[[ Information open ]]

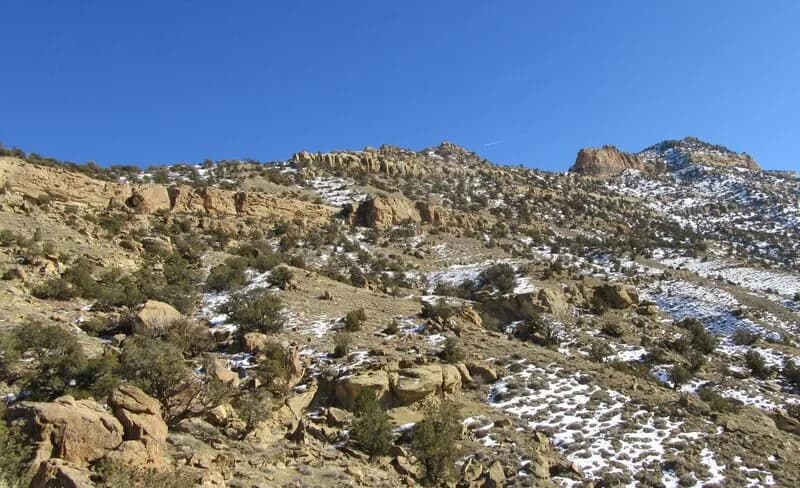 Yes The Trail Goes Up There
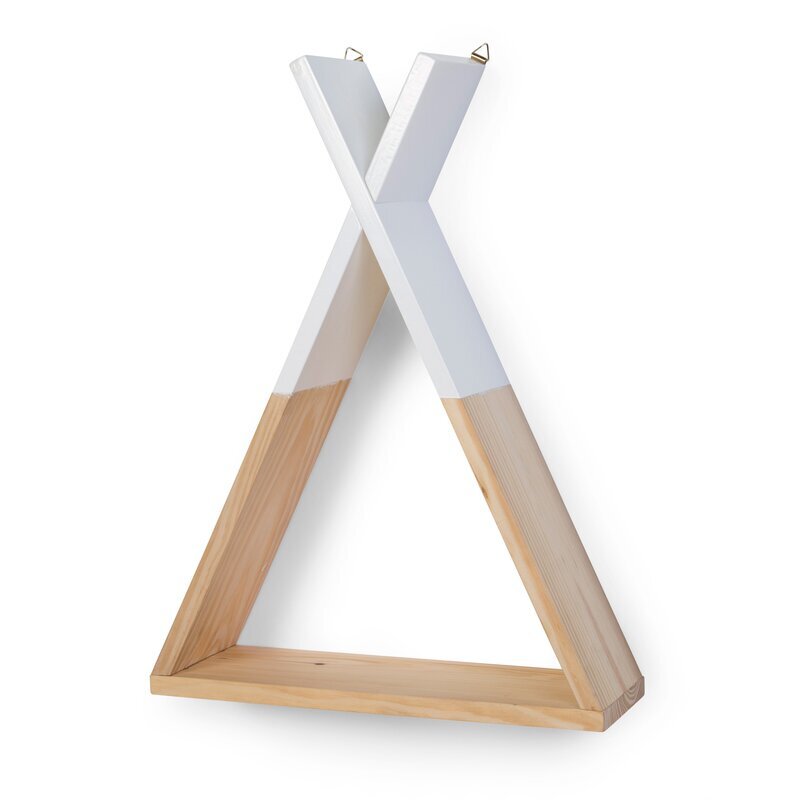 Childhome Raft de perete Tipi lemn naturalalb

[[ Information closed ]]
[[ Information open ]]

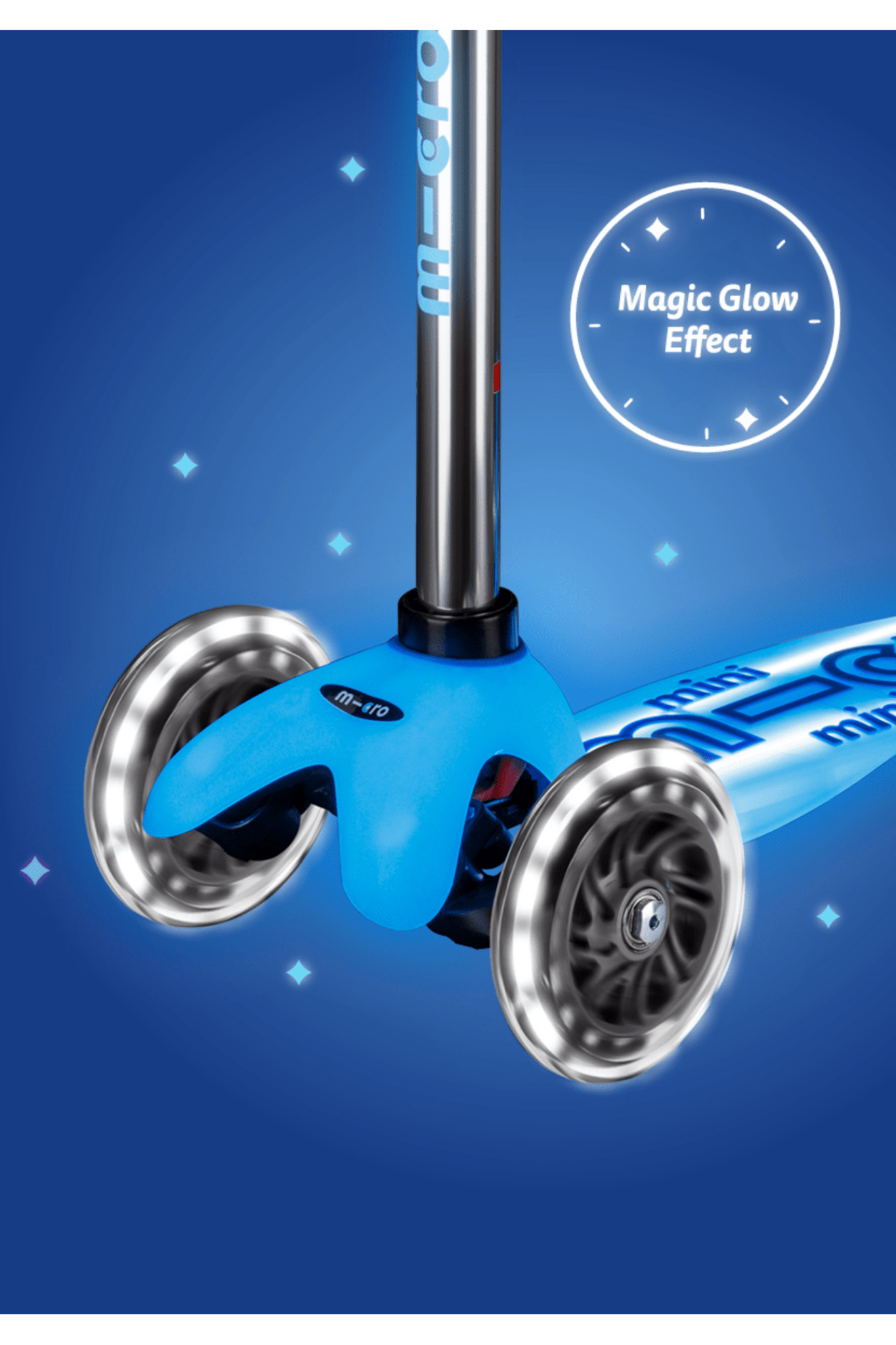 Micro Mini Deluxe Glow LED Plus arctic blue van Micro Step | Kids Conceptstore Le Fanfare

[[ Information closed ]]

* [Instructions to follow]
To complete this exercise, transcribe exactly the lines above from the one that holds "Yes The Trail Goes Up There" through the one that holds "Childhome Raft de". Pictures stay out.

* [Expected answer]
 Yes The Trail Goes Up There
 Childhome Raft de perete Tipi lemn naturalalb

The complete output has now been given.